Ao observarmos o gráfico 1, no ponto de vista dos profissionais da educação que participaram da pesquisa, o conceito de deficiência para eles é que os” indivíduos com deficiência” são comparados com “indivíduos normais”, sendo que uma parte dos professores considera a deficiência como um “impedimento”. Alguns professores definiram a deficiência como uma “incapacidade” e a caracterizaram como uma “dificuldade”. Somente uma vez o conceito de deficiência foi estabelecido que, embora as pessoas com deficiência tivessem características específicas, estes indivíduos são dotados de capacidade de desenvolvimento caso sejam estimulados. 

Ao serem questionados sobre seu conhecimento acerca da profissão do fisioterapeuta, 30,3% dos participantes afirmaram apresentar um conhecimento pleno, enquanto 69,7% dos profissionais da educação indicaram um nível de conhecimento razoável sobre a função do fisioterapeuta.  Todos os professores expressaram a crença na viabilidade da colaboração multidisciplinar entre professores e fisioterapeutas, bem como na possibilidade de prevenir problemas físicos com a assistência desses profissionais. Quando indagados sobre a capacidade dos fisioterapeutas atuarem no desenvolvimento motor de crianças, independente da presença ou ausência de algum déficit, 94,9% dos participantes afirmaram acreditar nessa possibilidade.  

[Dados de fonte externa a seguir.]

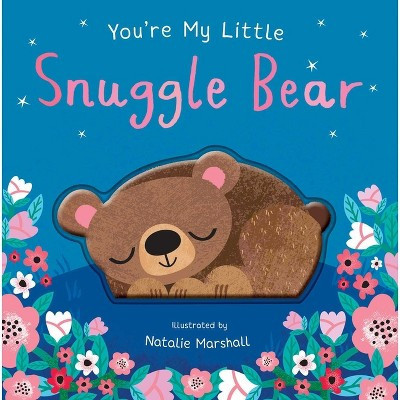 You're My Little Snuggle Bear - 2nd Edition by  Nicola Edwards (Board Book) | Target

Ao serem inquiridos sobre a acessibilidade nos CMEIs para todos os alunos, 18,4% dos participantes expressaram que no CMEI em que trabalham oferece plena acessibilidade, enquanto 52,6% indicaram que é razoavelmente acessível, adicionalmente, 29,0% relataram que o ambiente não é acessível para as crianças com deficiência. Em relação à acessibilidade em áreas recreativas, 69,2% dos respondentes afirmaram que tais áreas não são acessíveis. No que diz respeito aos possíveis riscos à segurança das crianças com deficiência, como piso escorregadio e fácil acesso à rua, entre outros exemplos, 64,1% dos professores reconheceram a existência de algum risco. Em relação à possibilidade de adaptação de materiais e objetos para crianças com deficiência, 76,9% dos educadores afirmaram ser viável realizar estas adaptações.

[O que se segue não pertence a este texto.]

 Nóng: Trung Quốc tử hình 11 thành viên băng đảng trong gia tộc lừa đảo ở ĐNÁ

Quando perguntados a respeito da inclusão de pessoas com deficiência no Brasil, 94,9% dos respondentes afirmaram que o Brasil não é um país inclusivo. Ao elencar as maiores dificuldades na implementação da educação inclusiva nos CMEIs, em 39 respostas, foram mencionadas 17 vezes a falta de profissionais, 14 vezes a falta de formações, 13 vezes a falta de recursos, 10 vezes o ambiente do CMEI e 10 vezes a respeito da grande quantidade de alunos em sala de aula, conforme observado no gráfico 2. 

Gráfico 2. Maiores dificuldades enfrentadas pelos professores na implementação da educação inclusiva nos CMEIs. 

Fonte: Dados da Pesquisa (2024).

Ao analisarmos o gráfico 2, pode-se observar que as maiores dificuldades elencadas pelos professores dos CMEIs foram a falta de mais profissionais, seguido da necessidade de mais capacitações e formações de como lidar com as crianças com deficiência, a importância de ter mais investimentos nos Centros Educacionais e a quantidade de alunos em sala de aula. 

Quando questionados sobre como efetivar a educação inclusiva no Brasil, 14 vezes foi mencionada a necessidade de mais profissionais especializados na área, 13 vezes a importância de melhorar o ambiente e a estrutura das escolas, 11 vezes a necessidade de mais formações, 7 vezes sobre leis efetivas e 5 vezes a necessidade do trabalho conjunto e multidisciplinar, conforme os dados do gráfico 3.

          Gráfico 3. Intervenções práticas para efetivação da educação inclusiva nas escolas no Brasil. 

Fonte: Dados da Pesquisa (2024)

Os professores respondentes da pesquisa mencionaram que o Brasil não é um país inclusivo e o gráfico 3 mostra que na opinião desses educadores, para que haja uma efetivação da educação inclusiva nas escolas do Brasil é necessário ter mais profissionais especializados, melhor ambiente e estrutura para trabalhar, mais formações e capacitações, seguidos de leis efetivas e um trabalho multidisciplinar. 

4. Discussão 

Na presente pesquisa, aplicou-se um questionário quali-quantitativo buscando compreender a realidade nos Centros Municipais de Educação Infantil quanto à inclusão de alunos com deficiência. Conforme os resultados encontrados, foi possível perceber que, de acordo com os professores, o Brasil ainda não é efetivamente inclusivo no ambiente escolar e que muitos profissionais da educação não se sentem preparados para acolher as crianças com deficiência. Para eles, o fisioterapeuta inserido no ambiente escolar é importante para o desenvolvimento dessas crianças e contribui para uma educação inclusiva. 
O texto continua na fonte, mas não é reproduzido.